You’d think that a book by a physicist would be terribly technical and hard to understand, but Barabási balances his physics explanations with relatable anecdotes and examples that can be understood by a lay person. This is what I really like about the book so far.
According to Barabási, everything in the world is made up of networks: a cocktail party, a living cell, Hollywood, the Internet. And all of these networks are similar. Each network has a node or single cell that is a point on the network. For example, at a cocktail party, each individual at the party is a node. As each person becomes acquainted with another person at the party they form a link. Several people meeting in a small group within the party form a hub (a cluster of nodes with several links).
Barabási points out that, although the Internet is a man-made construct, it too follows the rules of naturally occurring networks. There are those websites that are hubs with the most connections and activity and there are several smaller websites with fewer connections that would be considered nodes. Each website connects to the other.
Six Degrees of Separation
While reading this book, I kept thinking about how more and more people are connected through social media; particularly on LinkedIn. Barabási says that each person has an equal number of connections and most anyone can be connected within six degrees.
The game Six Degrees of Kevin Bacon comes to mind and is actually based on this concept. In the game every actor in Hollywood can be connected to Kevin Bacon either directly or through a number of other actors.
I have witnessed this six degrees of separation phenomenon in my own life. Sometimes, after reading a news story or book I really like, I will look up the author online. To my surprise, I have discovered that a few of the authors have been third or second degree connections in my LinkedIn network.
On Facebook, I discovered that a couple of my previous professors are also friends with one of my Facebook friends. On both these platforms, I don’t have large networks yet I have found these overlaps in connections.
Before social media, these types of relationships would only be revealed through a chance conversation with a first degree friend.

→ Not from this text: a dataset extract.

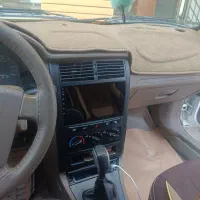 پژوslxمدل۹۹ گاز سیمی بدون رنگ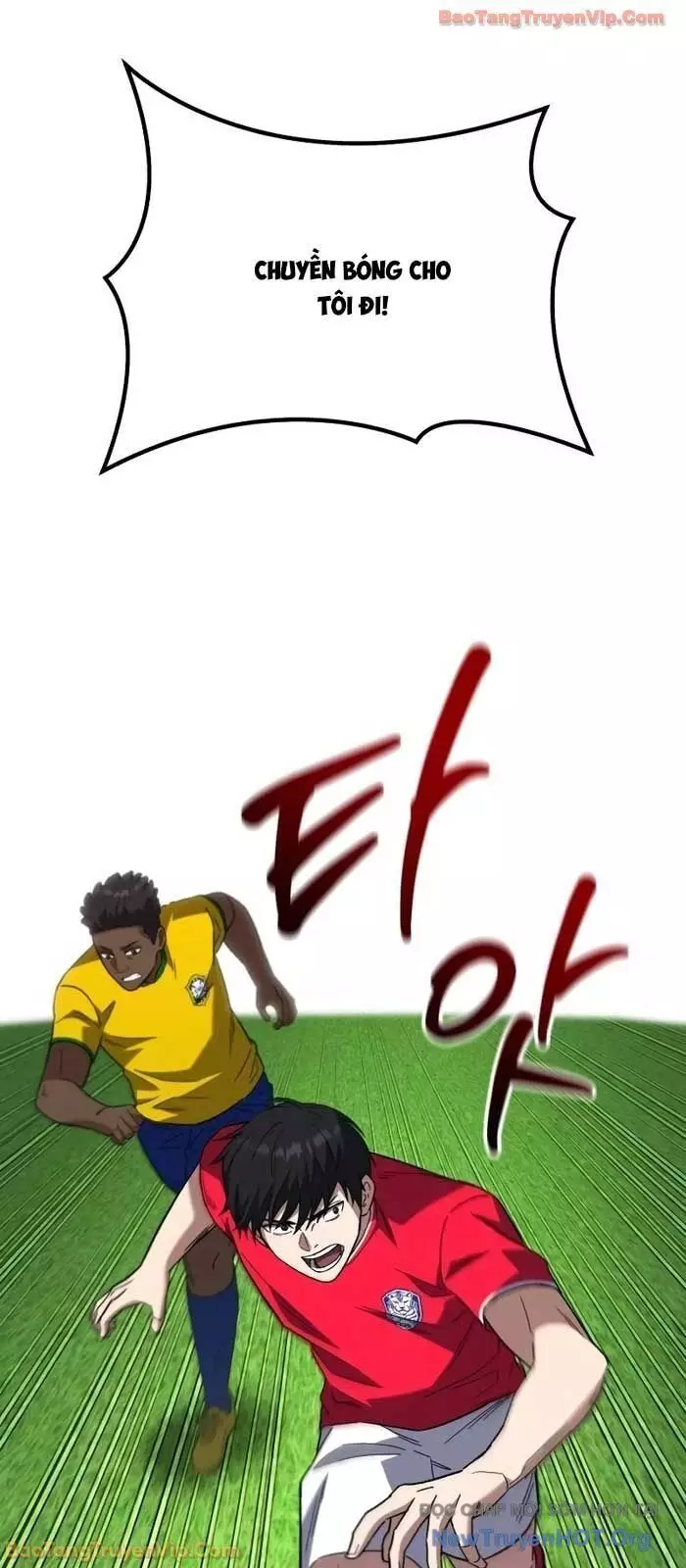 Đường Chuyền Đặc Biệt Của Tiền Vệ Thiên Tài Chap 13 - Next Chap 14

With social media sites like LinkedIn and Facebook, people see their personal network within three degrees. They no longer have to wait for that chance conversation to find out if they have a connection in common.
Break the Internet
The most interesting chapter in the book for me was Chapter 9: “Achilles Heel” in which Barabási discusses the strength of networks. In nature, the disappearance of a species which is part of our ecological network can cause a disruption but the network adapts and goes on. The same happens in the man-made Internet network. If a natural disappearance of a node or hub occurs, the network adapts. When Google became the dominate search engine replacing Yahoo as the number one search engine the network adapted.
Barabási says that if the hubs of the internet — the sites that the majority of people are connected with — were taken out by a malicious attack at one time, then the Internet would be broken. (So much for Kim Kardashian breaking the Internet.)
All of this got me thinking: How can I use what I’ve learned in the first half of this book as a journalist? I use social networks to share my stories. I can identify my primary source’s organic networks in order to interview more sources for stories. What else can I do? Maybe I’ll get more ideas in part two of the book.